[[ DATA FOR PROCESSING, beginning ]]
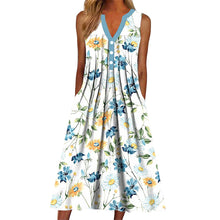 Last inn bildet i Galleri-visningsprogrammet, V-hals ermeløs kjole med blomstertrykk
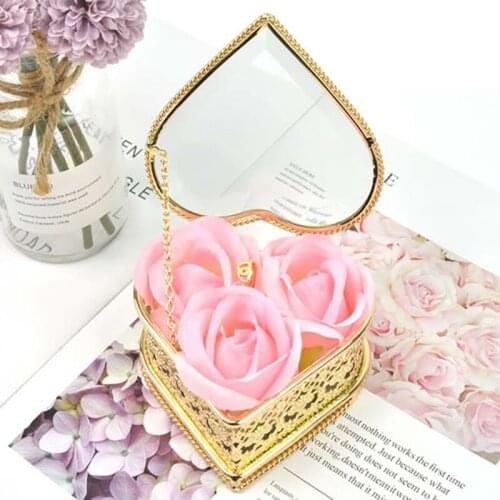 Vintage Heart-Shaped Glass Gift Box Wedding Ring Box Display Storage Jewelry Box Heart-Shaped Ring Box with Cover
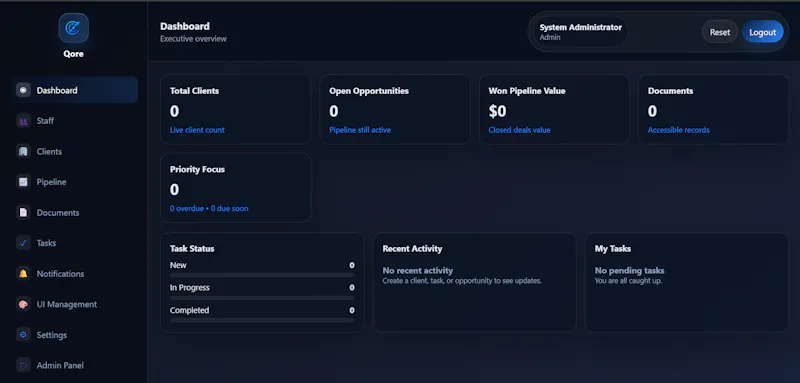Qore CRM screenshot 1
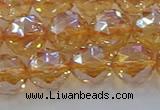 CNC654 15.5 inches 12mm faceted round plated natural white crystal beads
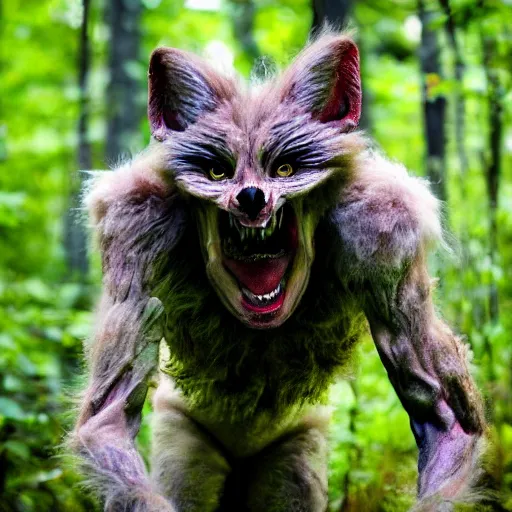 Image similar to horror, photography, humanoid mutant, matted fur, grinning, sprinting through undergrowth in a dense forest in daytime, wide eyes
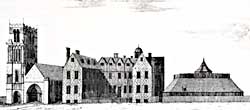Thurgarton Priory in the early 18th century as drawn by Samuel Buck (1726). 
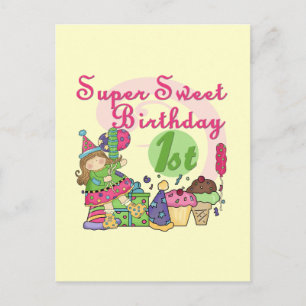 Carte Postale T-shirts et cadeaux Super Sweet 1er anniversaire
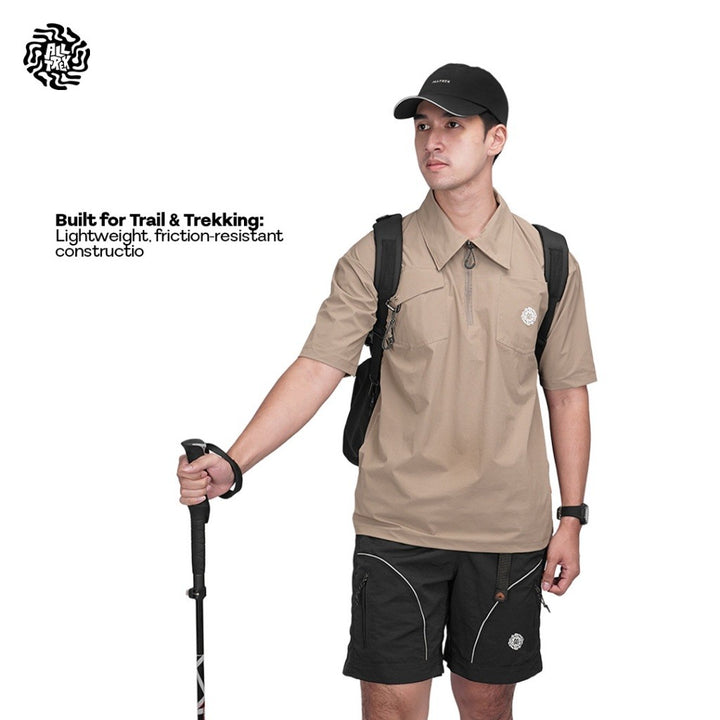 ALLTREK Kemeja Lengan Pendek VEXA Shortsleeve Half Zipper Kemeja Pria Urban Stretch DWR Casual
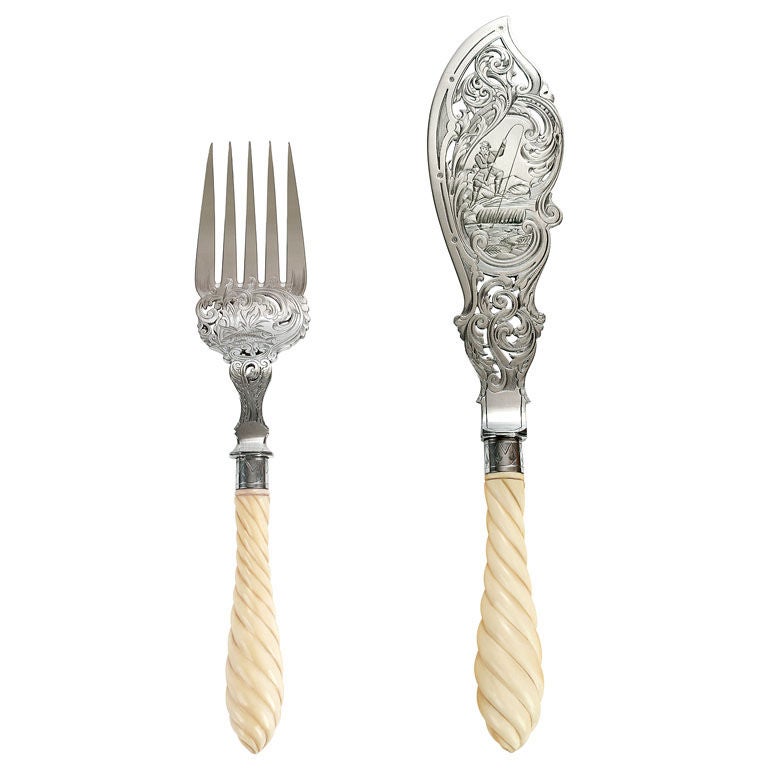 Antique Fish Servers, Silver Plated with Ivory Handle For Sale
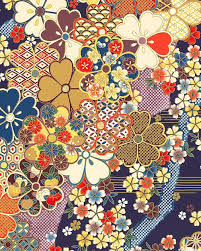 Equilter Japanese Import Hana Zukushi Big Blossoms Navy Blue Gold Japanese Imports Blue Gold Hana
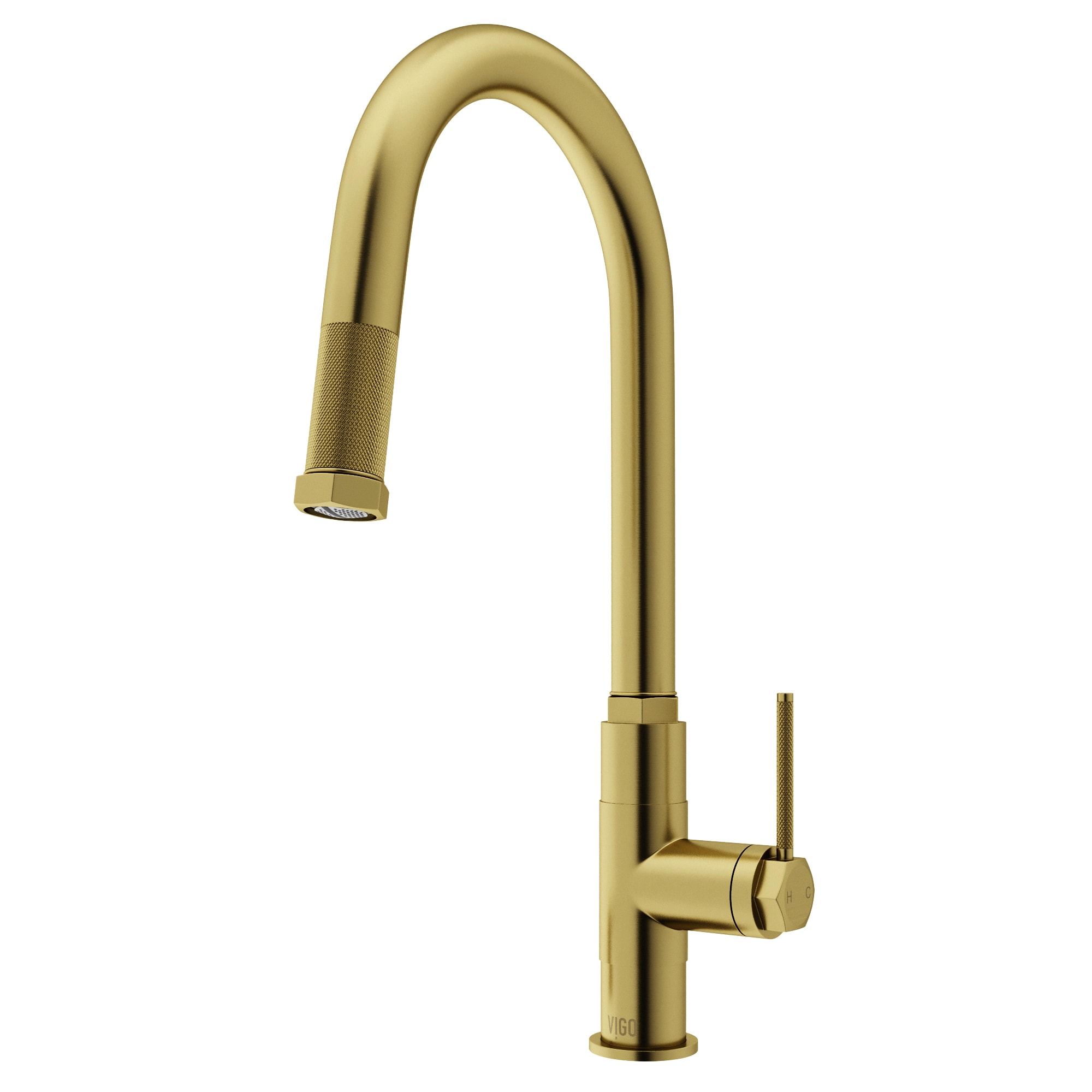 VIGO VG02035MG Hart Matte Brushed Gold Single Handle Deck-mount Pull-down Kitchen Faucet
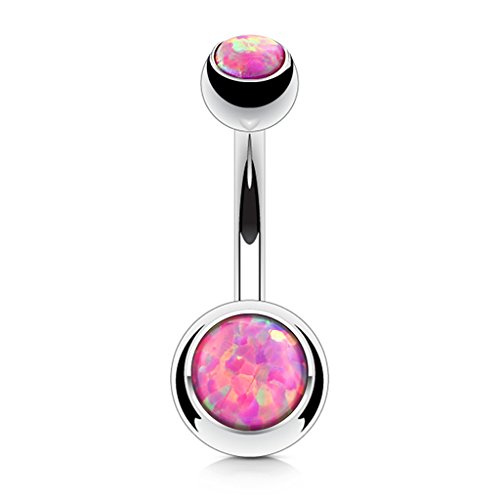 FIFTH CUE Opal Set Double Jeweled 316L Surgical Steel Naval Belly Button Ring (Opal Pink)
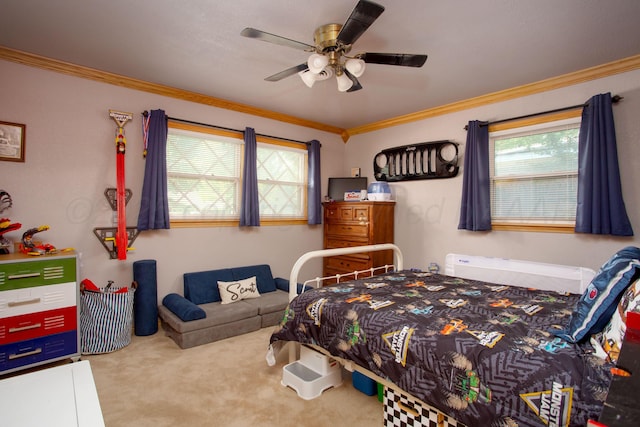 2900 Teckla Blvd, Amarillo, TX 79106 - carpeted bedroom featuring multiple windows, crown molding, and a ceiling fan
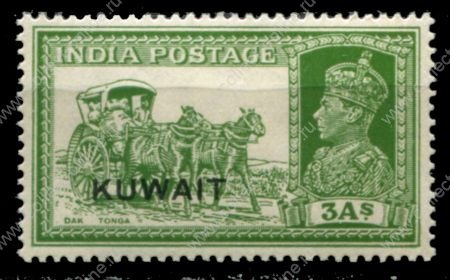 Кувейт 1939 г. • Gb# 41 • 3 a. • Георг V • осн. выпуск • надпечатка • повозка • MLH OG VF ( кат.- £ 15 )
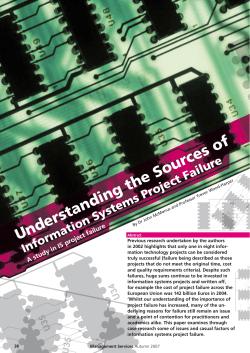 Understanding the sources of Information Systems Project Failure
[[ DATA FOR PROCESSING, end ]]
§ **EXERCISE OBJECTIVE**
Could you set down the data exactly as given, minus its pictures?

§ **EXERCISE RESULT**
 Last inn bildet i Galleri-visningsprogrammet, V-hals ermeløs kjole med blomstertrykk
 Vintage Heart-Shaped Glass Gift Box Wedding Ring Box Display Storage Jewelry Box Heart-Shaped Ring Box with Cover
Qore CRM screenshot 1
 CNC654 15.5 inches 12mm faceted round plated natural white crystal beads
 Image similar to horror, photography, humanoid mutant, matted fur, grinning, sprinting through undergrowth in a dense forest in daytime, wide eyes
Thurgarton Priory in the early 18th century as drawn by Samuel Buck (1726). 
 Carte Postale T-shirts et cadeaux Super Sweet 1er anniversaire
 ALLTREK Kemeja Lengan Pendek VEXA Shortsleeve Half Zipper Kemeja Pria Urban Stretch DWR Casual
 Antique Fish Servers, Silver Plated with Ivory Handle For Sale
 Equilter Japanese Import Hana Zukushi Big Blossoms Navy Blue Gold Japanese Imports Blue Gold Hana
 VIGO VG02035MG Hart Matte Brushed Gold Single Handle Deck-mount Pull-down Kitchen Faucet
 FIFTH CUE Opal Set Double Jeweled 316L Surgical Steel Naval Belly Button Ring (Opal Pink)
 2900 Teckla Blvd, Amarillo, TX 79106 - carpeted bedroom featuring multiple windows, crown molding, and a ceiling fan
 Кувейт 1939 г. • Gb# 41 • 3 a. • Георг V • осн. выпуск • надпечатка • повозка • MLH OG VF ( кат.- £ 15 )
 Understanding the sources of Information Systems Project Failure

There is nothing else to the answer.